=== Section Start ===

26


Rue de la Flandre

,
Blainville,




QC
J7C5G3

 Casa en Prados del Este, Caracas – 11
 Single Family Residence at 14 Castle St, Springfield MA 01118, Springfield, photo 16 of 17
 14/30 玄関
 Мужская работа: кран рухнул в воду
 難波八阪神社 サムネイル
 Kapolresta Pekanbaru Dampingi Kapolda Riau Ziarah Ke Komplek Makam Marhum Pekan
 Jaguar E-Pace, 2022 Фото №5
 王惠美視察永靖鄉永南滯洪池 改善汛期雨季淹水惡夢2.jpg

=== Section End ===

▶ _About this exercise_:
Repeat, character for character, the lines from the one that holds "Мужская работа: кран рухнул в воду" to the final line of the material, inclusive, and no other lines.

▶ _Result of the exercise_:
 Мужская работа: кран рухнул в воду
 難波八阪神社 サムネイル
 Kapolresta Pekanbaru Dampingi Kapolda Riau Ziarah Ke Komplek Makam Marhum Pekan
 Jaguar E-Pace, 2022 Фото №5
 王惠美視察永靖鄉永南滯洪池 改善汛期雨季淹水惡夢2.jpg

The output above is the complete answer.